Existing law provides that if a defendant becomes mentally incompetent, a trial or judgment related to that defendant shall be suspended until he or she becomes mentally competent. Existing law establishes procedures whereby the court determines the appropriate facility where an incompetent defendant shall be delivered for treatment, and determines whether the defendant consents to the administration of antipsychotic medication, or determines whether involuntary administration of antipsychotic medication is appropriate.
This bill makes changes to existing law that would require the court to determine if the defendant lacks capacity to make decisions regarding antipsychotic medication before seeking consent from the defendant for those medications.
We suggest amendments to clean up language related to the hearing. Further a court order that details the length of time involuntary medication can be administered is needed to guide state hospitals. Enclosed is proposed language for time lines for a court order based on either capacity or dangerousness.

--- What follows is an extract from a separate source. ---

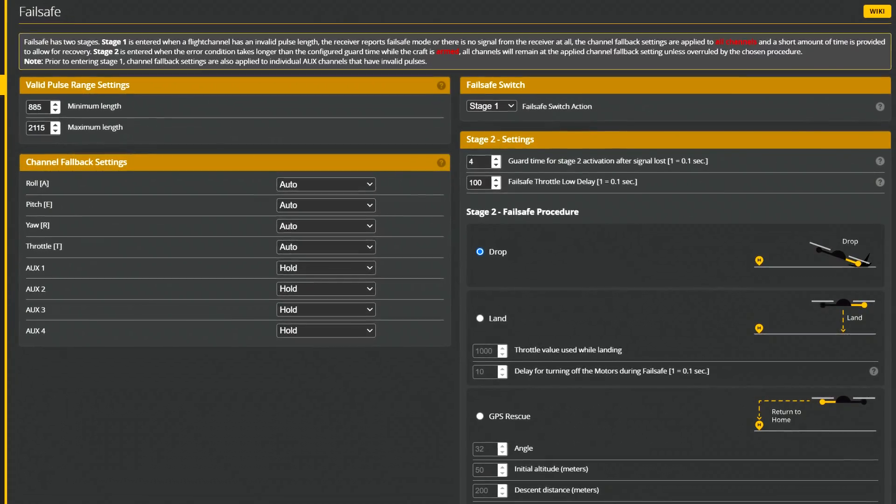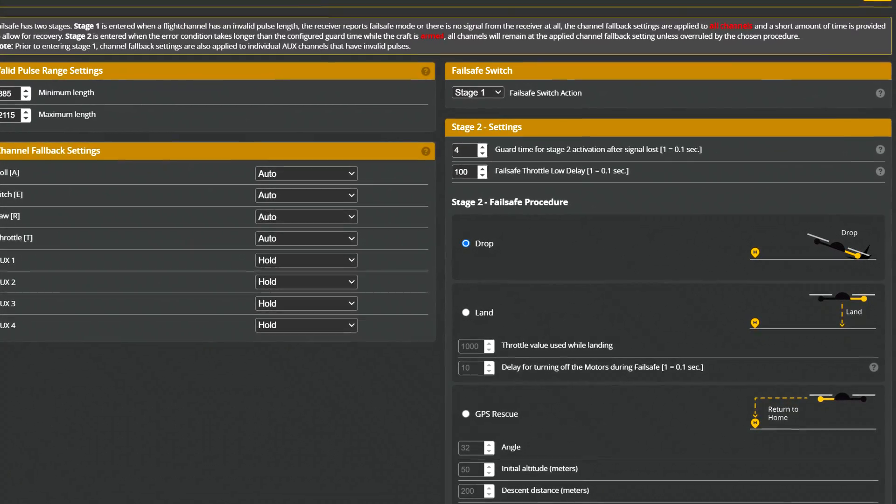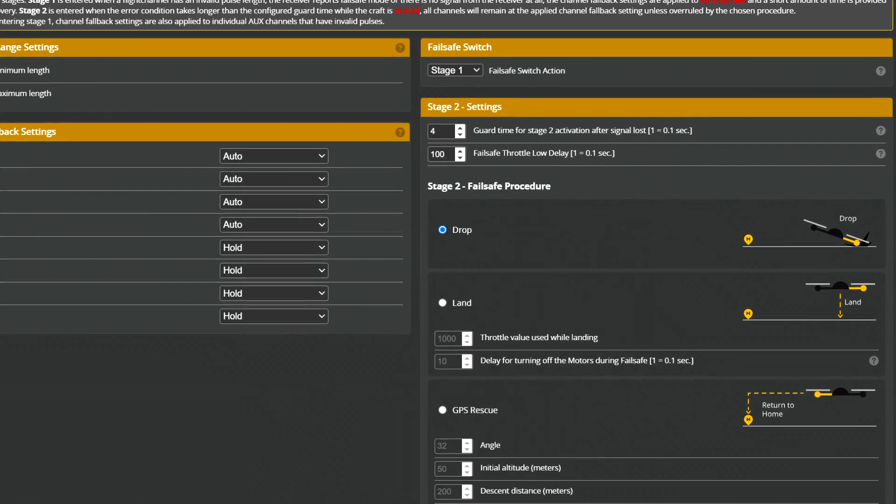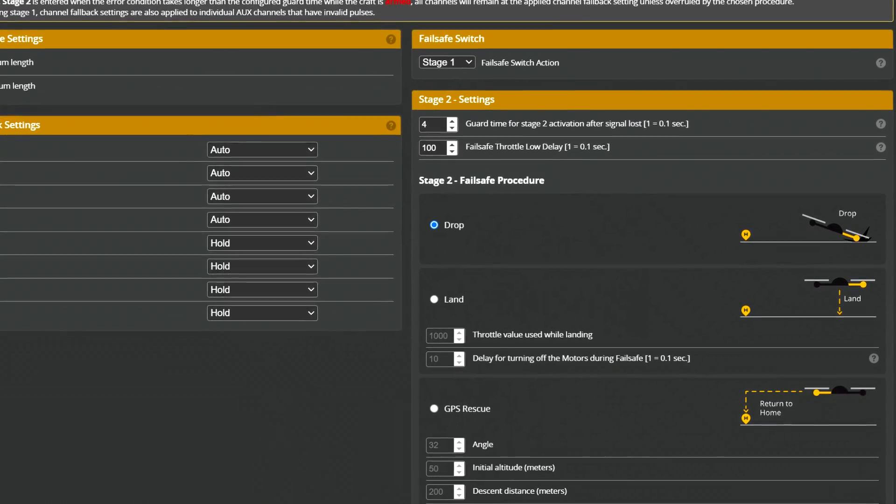What is failsafe mode doing? It's enabling the failsafe state. When the failsafe mode is activated, your Betaflight or INAV flight controller will do exactly what it's supposed to do when you are entering the failsafe. It will execute the procedure you configured to run when the radio link is down.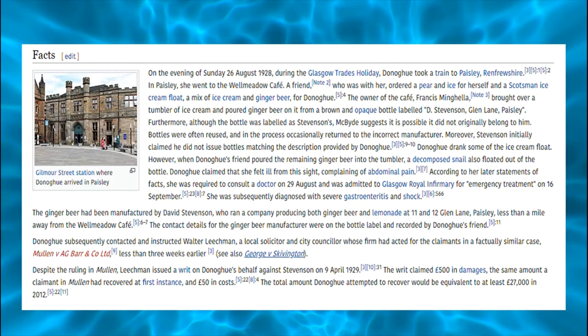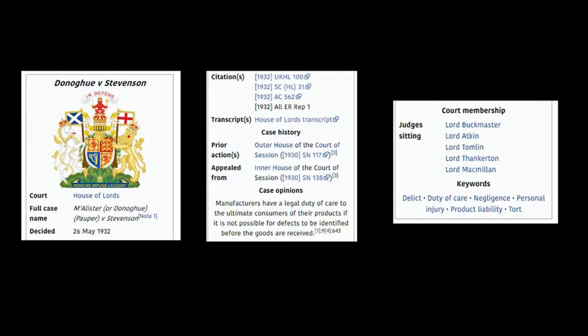The law of negligence at the time was very narrow and was invoked only if there was some established contractual relationship. An earlier case involving two children and floating mice held that, absent a contract, a manufacturer owed no duty of care to a consumer when putting a product on the market, except: first, the manufacturer was aware that the product was dangerous because of a defect and it was concealed from the consumer, such as fraud; and second, the product was dangerous per se and they failed to warn the consumer of this. Unlike that earlier case, which stopped at the Court of Session, Mrs. Donoghue took her case to the House of Lords.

For these reasons, we oppose this bill unless amended. Our proposed amendments are attached. Please contact me if you have any questions about our position on this bill.
Very truly yours,
Margaret Johnson, Esq.
Disability Rights California
CC: Honorable Co-Chair and Members of the Senate Public Safety Committee
CC: Sean MacNeil, Chief of Staff, Assembly Member Allen’s Office
Proposed amendments to AB 366:
(D)(i) If the treating psychiatrist certifies that antipsychotic medication has become medically necessary and appropriate pursuant to subparagraph (C), antipsychotic medication may be administered to the defendant for not more than 21 days, provided, however, that, within 72 hours of the certification, the defendant is provided a hearing before an administrative law judge to be conducted at the facility where the defendant is receiving treatment. The treating psychiatrist shall present the case for the certification for involuntary treatment and the defendant shall be represented by a patient’s rights advocate or attorney. A patient’s rights advocate or attorney should be appointed to meet with the defendant no later than one day prior to the medication review hearing to review the defendant’s rights at the medication review hearing, assist the defendant in advocating for his or her interests at the panel hearing, review the panel’s administrative law judge’s final determination following the hearing, to advise the defendant of his or her right to judicial review of the panel’s decision, and provide the defendant with referral information for legal advice on the subject. The defendant shall also have the following rights at the medication review hearing….
(vi) The court shall render its decision on the petition and issue its order no later than three calendar days after the hearing and, in any event, no later than the expiration of the 21-day certification period.
(vii) Any court order for involuntary treatment with antipsychotic medication made pursuant to this Section shall remain in effect only until the person is one of the following:
(a) No longer dangerous within the meaning of California Welfare and Institutions Code section 5300, but no longer than 6 months; or
(b) (b) The individual regains capacity but no longer than 1 year.